Set the confidence levels to 99%, do you think the difference between treatments is still statistically significant at an of 0.01?

If we increase the level of confidence (from 95% to 99%, roughly 2 SE to 3 SE), then we may find that we cannot reject the null hypothesis at a higher threshold of confidence. Try altering the conf.level argument above for yourself to see this in action.

We can also include this argument in the tidy() function if we wish to:

broom::tidy(lsmodel1, conf.int=T, conf.level=0.99)
term estimate std.error statistic p.value conf.low conf.high
(Intercept) 20.191667 0.7592028 26.595880 0.0000000 18.093790 22.2895433
typeSelf -2.616667 1.0736749 -2.437113 0.0214145 -5.583512 0.3501789

14.4.1 Getting the other treatment mean and standard error

One limitation of the table of coefficients output is that it doesn't provide the mean and standard error of the other treatment level (only the difference between them). If we wish to calculate the "other" mean and SE then we can get R to do this.

darwin %>% 
  mutate(type=factor(type)) %>% 
  mutate(type=fct_relevel(type, c("Self", "Cross"))) %>% 
  lm(height~type, data=.) %>% 
  broom::tidy()
term estimate std.error statistic p.value
(Intercept) 17.575000 0.7592028 23.149282 0.0000000
typeCross 2.616667 1.0736749 2.437113 0.0214145

After relevelling, the self treatment is now taken as the intercept, and we get the estimate for it's mean and standard error

14.4.2 Emmeans

We could also use the package emmeans and its function emmeans() to do a similar thing

means <- emmeans::emmeans(lsmodel1, specs = ~ type)

means
##  type  emmean    SE df lower.CL upper.CL
##  Cross   20.2 0.759 28     18.6     21.7
##  Self    17.6 0.759 28     16.0     19.1
## 
## Confidence level used: 0.95

The advantage of emmeans is that it provides the mean, standard error and 95% confidence interval estimates of all levels from the model at once (e.g. it relevels the model multiple times behind the scenes).

emmeans also gives us a handy summary to include in data visuals that combine raw data and statistical inferences. These are standard ggplot() outputs so can be customised as much as you want.

means %>% 
  as_tibble() %>% 
  ggplot(aes(x=type, 
             y=emmean))+
  geom_pointrange(aes(
    ymin=lower.CL, 
    ymax=upper.CL))

Notice that no matter how we calculate the estimated SE (and therefore the 95% CI) of both treatments is the same. This is because as mentioned earlier the variance is a pooled estimate, e.g. variance is not being calculate separately for each group. The only difference you should see in SE across treatments will be if there is a difference in sample size between groups.

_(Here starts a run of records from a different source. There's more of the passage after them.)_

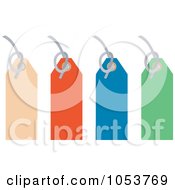Royalty Free Vector Clip Art Illustration Of A Digital Collage Of Tags by patrimonio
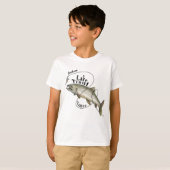 Het  T-shirt van Lake Trout Tamer Boy. (Voorkant volledig)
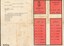 A small folder A4 document with red squares and a white cross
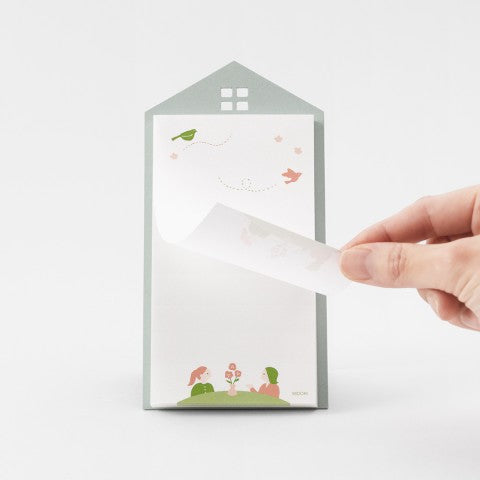 Midori Stand Memo Pad - Message (Vertical)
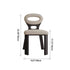 Contemporary Nordic Oval Hollowed Out Lambswool Wood Dining Chair Backrest For Dining Room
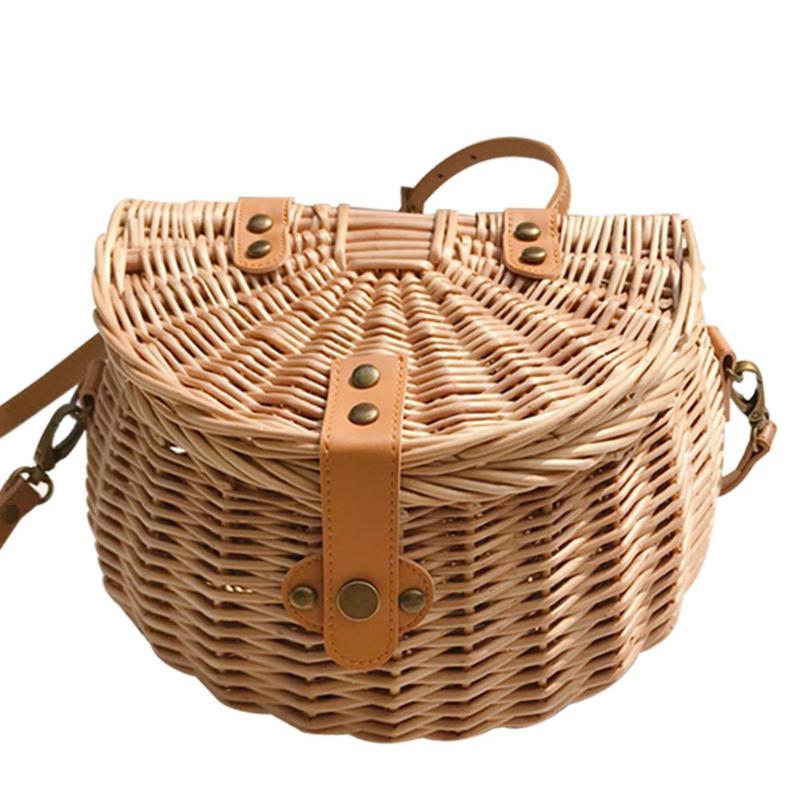 Hand-woven Rattan Bike Basket Cargo Bag Children Kids Bicycle Front Handlebar Mount Basket Bicycle Storage Holder 22x14cm
Hand-woven Rattan Bike Basket Cargo Bag Children Kids Bicycle Front Handlebar Mount Basket Bicycle Storage Holder 22x14cm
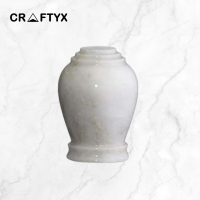 Funeral Urns - Classic White Marble, Elegant Design at Bulk Price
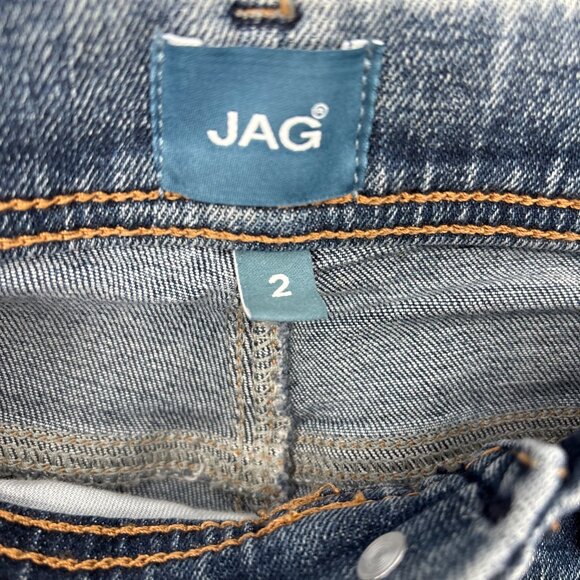 Jag Women's Ava Mid Rise Ankle Relaxed Wide Leg Jeans Skyfall Blue Size 2 NWT - Picture 5 of 7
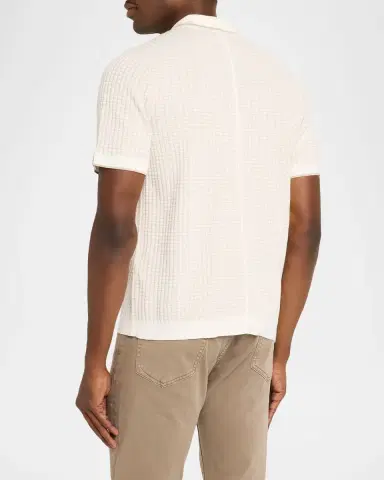 rag & bone Men 's Harvey Rib-Knit Polo Shirt | Thumbnail 3 rag & bone Men 's Harvey Rib-Knit Polo Shirt | Thumbnail 3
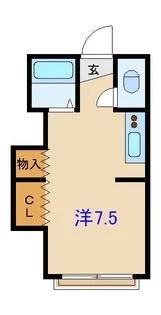 第3コーポ清守【2階】の間取り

Notice how the Confidence intervals of the estimated means strongly overlap, there is a difference between the two SEMs and the SED we have calculated. So overlapping error bars cannot be used to infer significance.

Because of this pooled variance, there is an assumption that variance is equal across the groups, this and other assumptions of the linear model should be checked. We cannot trust our results if the assumptions of the model are not adequately met.

14.5 Assumption checking

So now we have been through the main parts of a linear model analysis, we have results and inferences. But we need to check whether the assumptions of the model are adequately met so that we know whether our analysis can be trusted.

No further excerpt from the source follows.